In many cases, the charge cloud is large enough to produce detectable signal in more than one pixel. This information is encoded in the “flight grade” (see the observatory guide for details). Flight grades are used to filter out background events by removing those grades where a large fraction of all detected events is due to particles and also in the sub-pixel event repositioning (EDSER). For example, grade “0” events have charge in one pixel only, and grade “2” indicates an event that has charge in two neighboring pixels. Most likely, the grade “0” event occurred close to the center of the pixel and the grade “2” event close to the boundary of the two pixels. Thus, simulating the right event grade distribution is a prerequisite to using any sub-pixel event repositioning algorithm on simulated data.

import os
import shutil

'''These environment parameters should be set before running the notebook,
but I didn't so, so I'm setting them here.'''

os.environ['PATH'] = '/Users/guenther/code/marx_installed/bin:' + os.environ['PATH']
os.environ['PFILES'] = os.path.dirname(shutil.which('marx')) + '/../share/marx/pfiles:' + os.environ['PFILES']

Grades on an ACIS-BI chip

This test compares the distribution of event grades between an observation of a young star observed on the back-illuminated S3 chip and the simulation. To avoid pile-up the observation used a sub-array read-out.

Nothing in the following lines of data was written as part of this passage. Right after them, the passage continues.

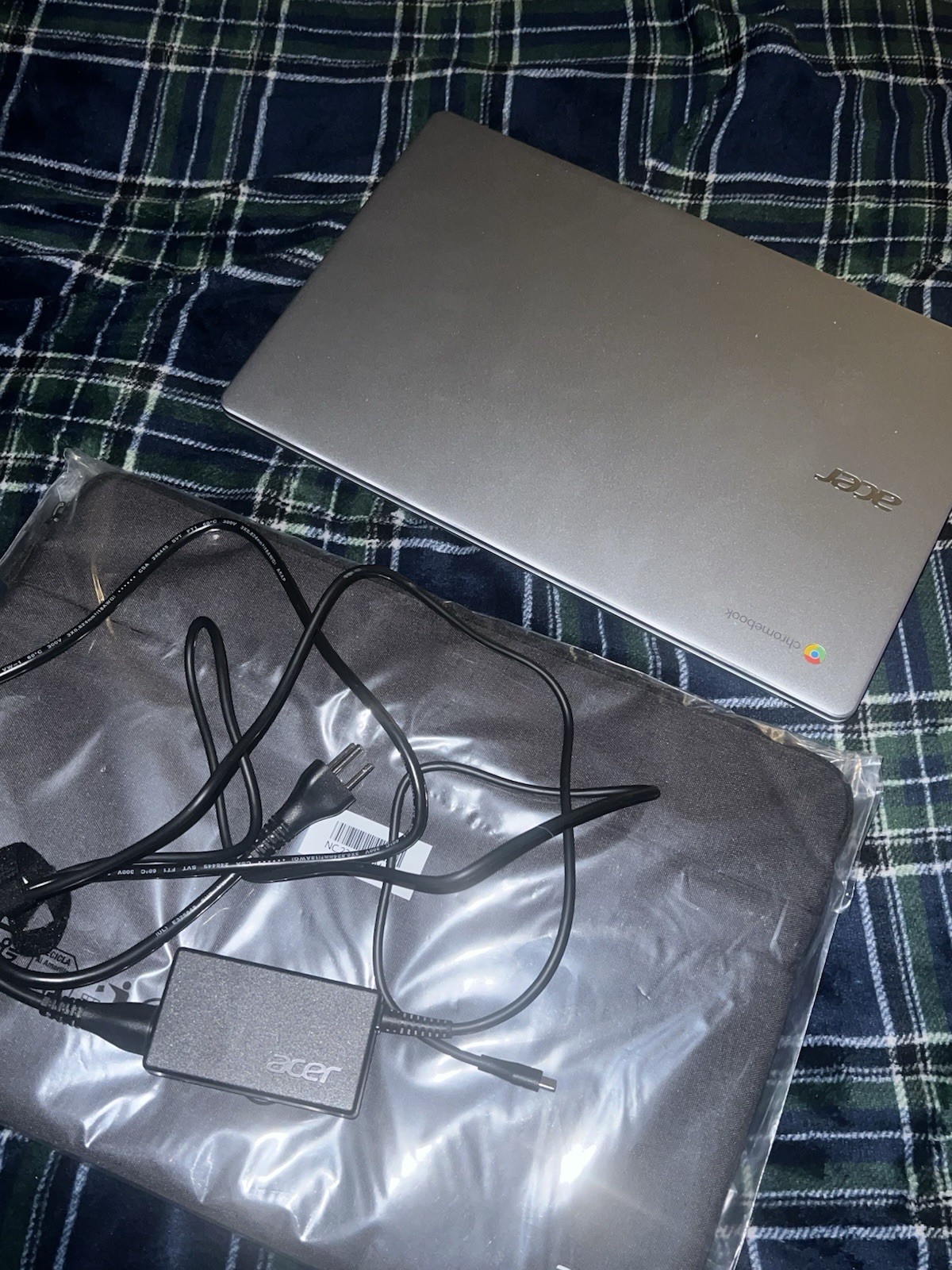 Acer Chromebook Silver Laptop Chrome OS Built-in Webcam with Charger and Case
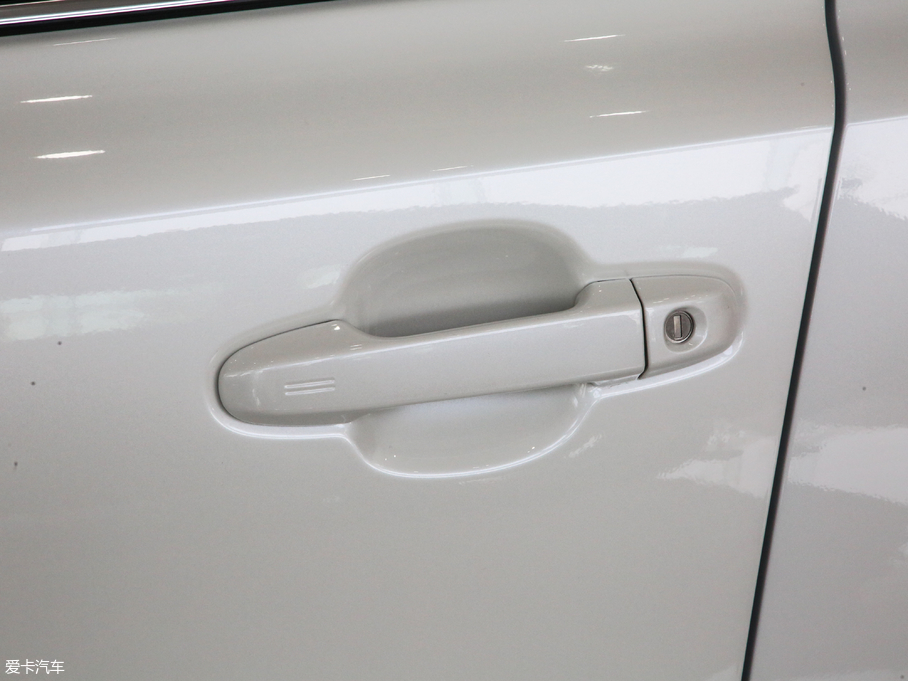 2018SC-HR 촰 2.0L CVTI(lng) V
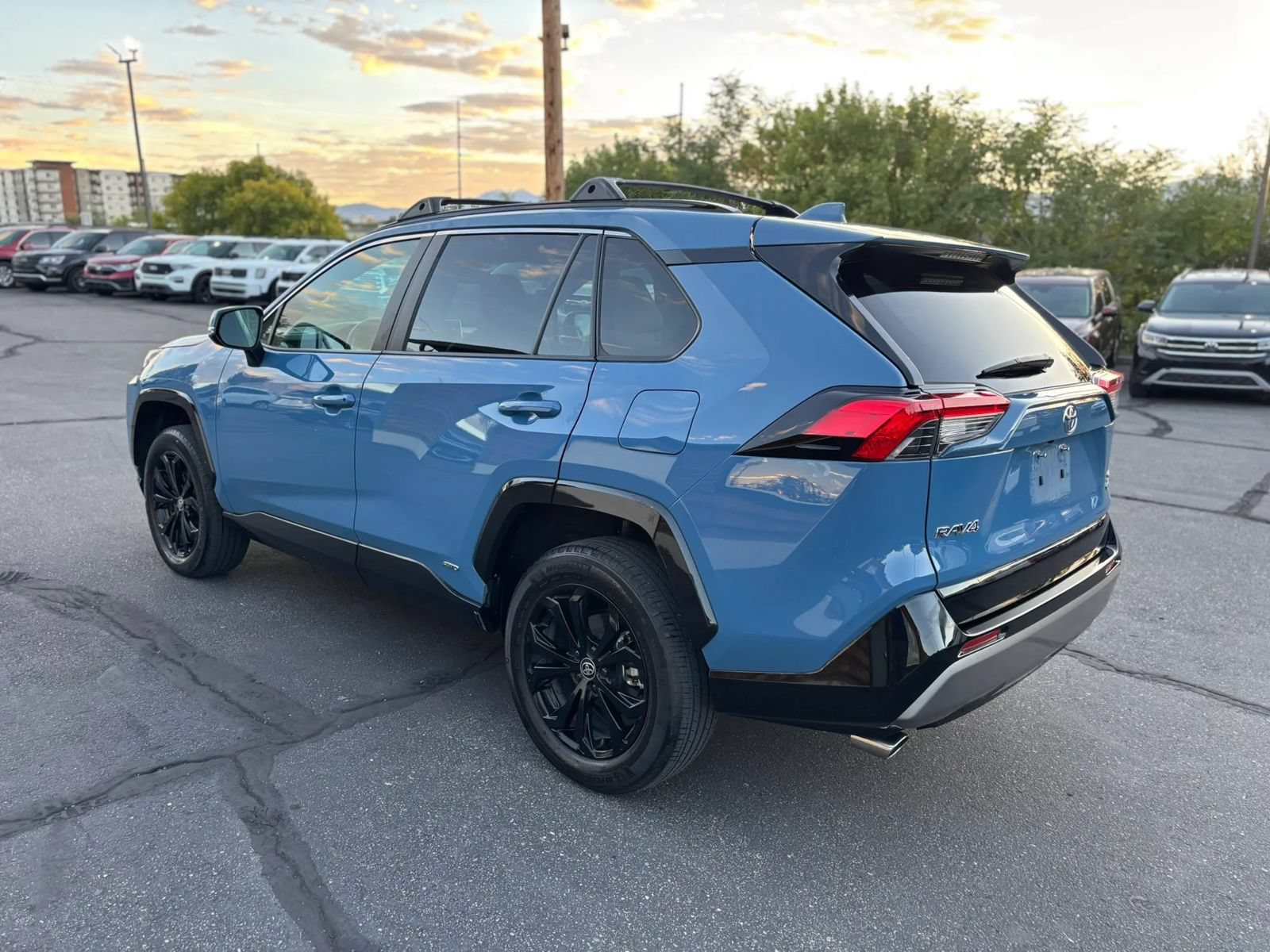 Used 2025 Toyota RAV4 SE w/ Convenience Package AWD/4WD image 5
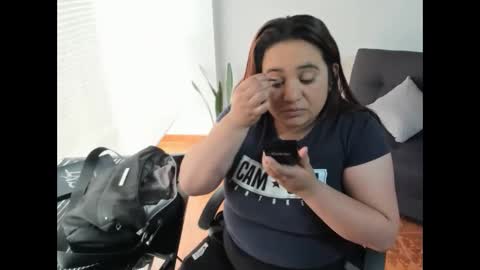 khloe_tommson_ online show from 13, 10, 2025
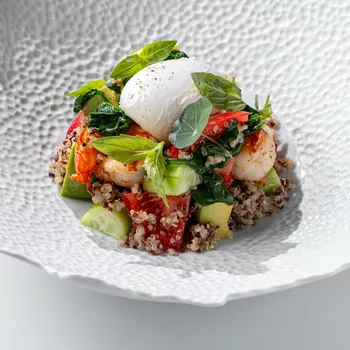 Салат с жареной креветкой и киноа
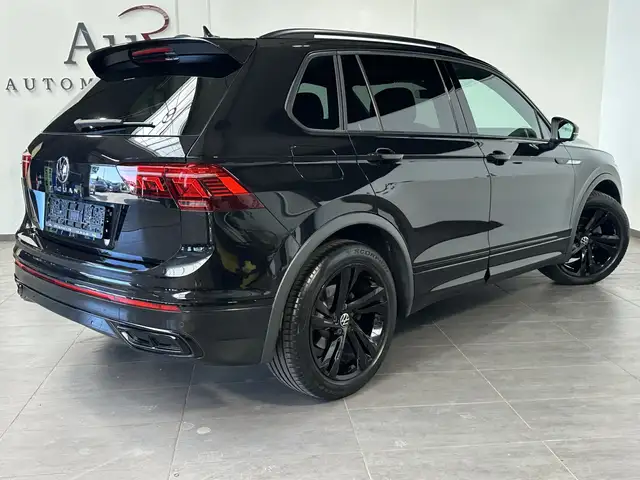 Volkswagen Tiguan view 4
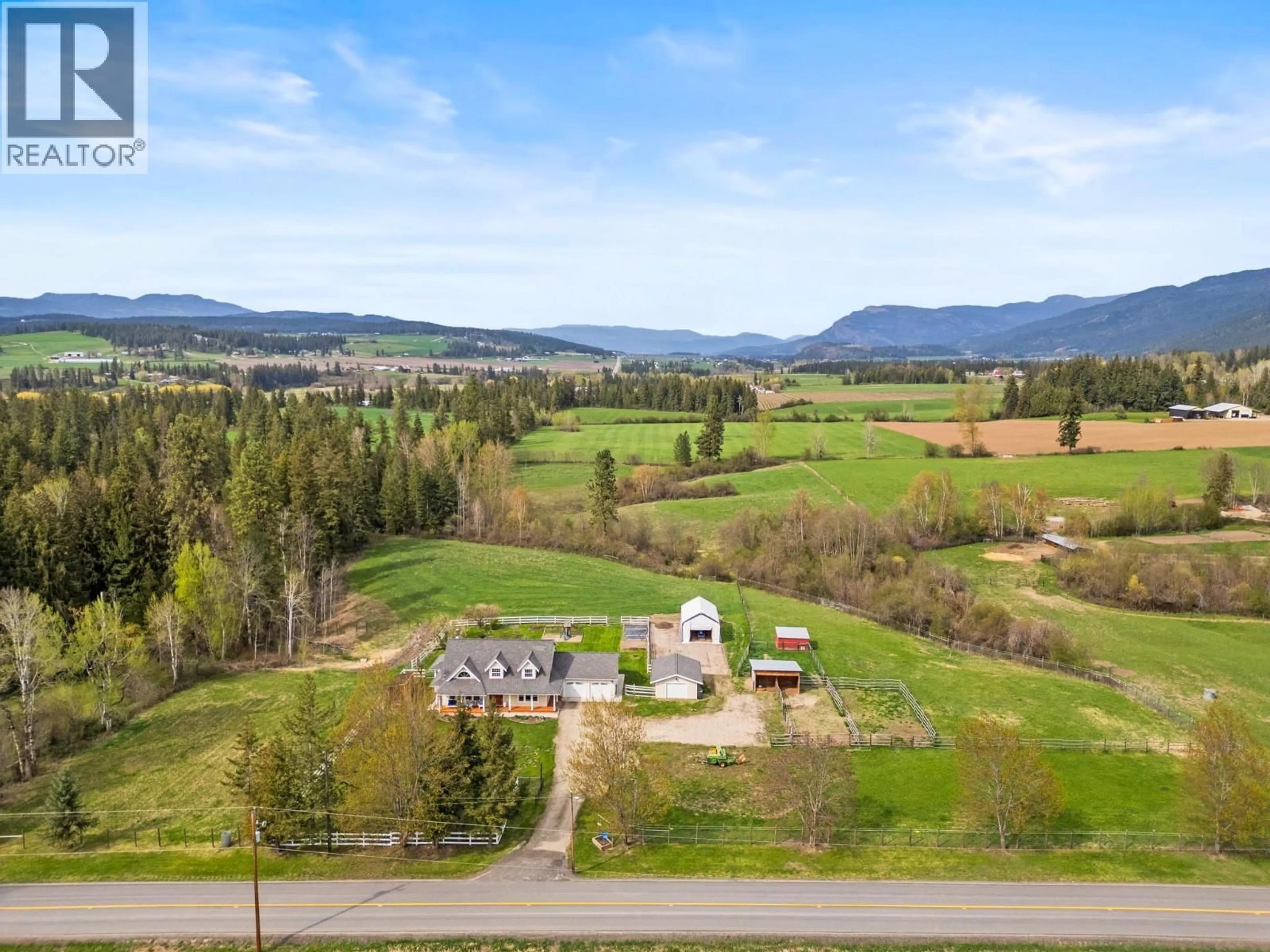 A pic from outside/outdoor area/front of a property/back of a property/a pic from drone, mountain view for 1375 MOUNTAIN VIEW ROAD, Spallumcheen British Columbia V4Y0S4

The grade distribution depends on the energy of the incoming photons. To get things exactly right, marx thus has to run with the source spectrum as an input spectrum. However, the grade distribution changes slowly with energy, so this only matters when grade distribution over a large range of energy are compared. Here, marx is run with a constant input spectrum and the comparison between simulation and observation is done in narrow energy bands only.

In this particular case, there is very little source signal above 2 keV, so the comparison is limited to low energies.

from contextlib import chdir
from matplotlib import pylab as plt

import pycrates
import ciao_contrib.runtool as rt
from ciao_contrib.cda.data import download_chandra_obsids
# Download data
out = download_chandra_obsids([15713], filetypes=['evt2', 'asol'])
asolfile = '15713/primary/pcadf15713_000N001_asol1.fits.gz'
evt2file = '15713/primary/acisf15713N003_evt2.fits.gz'
# Extract point source
rt.dmcopy(f"{evt2file}[sky=circle(12:09:02,-51:20:41,6)]", "obs.fits", clobber=True)
'''utility function that parses the fits header to set the marx parameters'''
from utils import marxpars_from_asol

pars = marxpars_from_asol(asolfile, evt2file)
pars['MinEnergy'] = 0.3
pars['MaxEnergy'] = 2.0

Here is the marx command that we will use to run the simulation, which matches the observation setup as closely as possible and runs the simulation in the energy band that we will analyze later on. This energy band is chosen, because that’s where the most photons in the observation are detected.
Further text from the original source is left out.